Hacker News new | ask | show | jobs
by SwellJoe 3657 days ago
I never stop being impressed at how often people will jump to odd, unsupportable, conclusions like, "using MySQL will make this thing faster".

I've seen it so many times over the years regarding users and email configurations. I can't count the number of times I've dropped into someone's badly behaving mail configuration and found they had MySQL hosting the users, and explained it was for "performance" reasons. Somehow they didn't grasp that /etc/passwd fits entirely in memory, and the map files Postfix uses for various lookups and stuff are already a database (just one specifically designed for the task at hand) and also fit entirely in memory. Putting that MySQL layer in there is disastrous if performance matters; it is orders of magnitude slower for any case I've seen...still plenty fast for most cases, but it's ridiculous that this idea gets cargo-culted around that if you store your mail users in MySQL your mail server will be faster.

A little knowledge is a dangerous thing, is what I'm trying to say, and people who know MySQL is "fast" may not know enough to know that it's not the right tool for the job in a lot of cases...and is probably slower for many use cases. I'm pretty confident this is one of those cases. SQLite is wicked fast on small data sets, and being smaller means more of it will fit in memory; I can't think of any way MySQL could be a more performant choice for this workload.

Also, I don't even want to try to imagine shipping an installable desktop application for non-technical users that relies on MySQL!

8 comments

Also, I don't even want to try to imagine shipping an installable desktop application for non-technical users that relies on MySQL!

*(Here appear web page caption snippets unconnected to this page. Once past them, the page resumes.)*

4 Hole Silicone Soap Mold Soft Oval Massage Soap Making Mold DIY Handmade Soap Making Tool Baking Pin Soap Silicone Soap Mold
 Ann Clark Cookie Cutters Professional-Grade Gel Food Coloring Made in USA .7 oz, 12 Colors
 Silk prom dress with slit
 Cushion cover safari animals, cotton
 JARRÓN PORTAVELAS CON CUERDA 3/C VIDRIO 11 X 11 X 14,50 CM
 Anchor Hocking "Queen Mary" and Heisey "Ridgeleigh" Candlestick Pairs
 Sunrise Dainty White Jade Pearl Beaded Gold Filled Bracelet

It's really not that hard to imagine. There is an embedded library version of MySQL called libmysqld which is made for this very purpose. Of course as you point out it's quite overkill for something that would work perfectly well with Berkeley DBs.

I've never seen it used like that, but Microsoft's equivalent SQL Server Express is a nightmare in deployment and support, because you need to administer a full-blown SQL Server on every customer PC (backups, migration debugging, …). I've no idea why people don't use SQLite instead.
_SQL Server Express_ is not the MS equivalent of SQLite.

_SQL Server Express_ is just a free (as in beer) limited version of _SQL Server_. It's still a full-blown traditional server like MySQL, Oracle and other that require services and administration tools to be installed.

Mirosoft has 2 equivalents to SQLite: The Jet database engine is pre-installed in all versions of Windows and allows creation of .mdb databases (those used by older versions of MSAccess). You don't need to include any dll file to use it.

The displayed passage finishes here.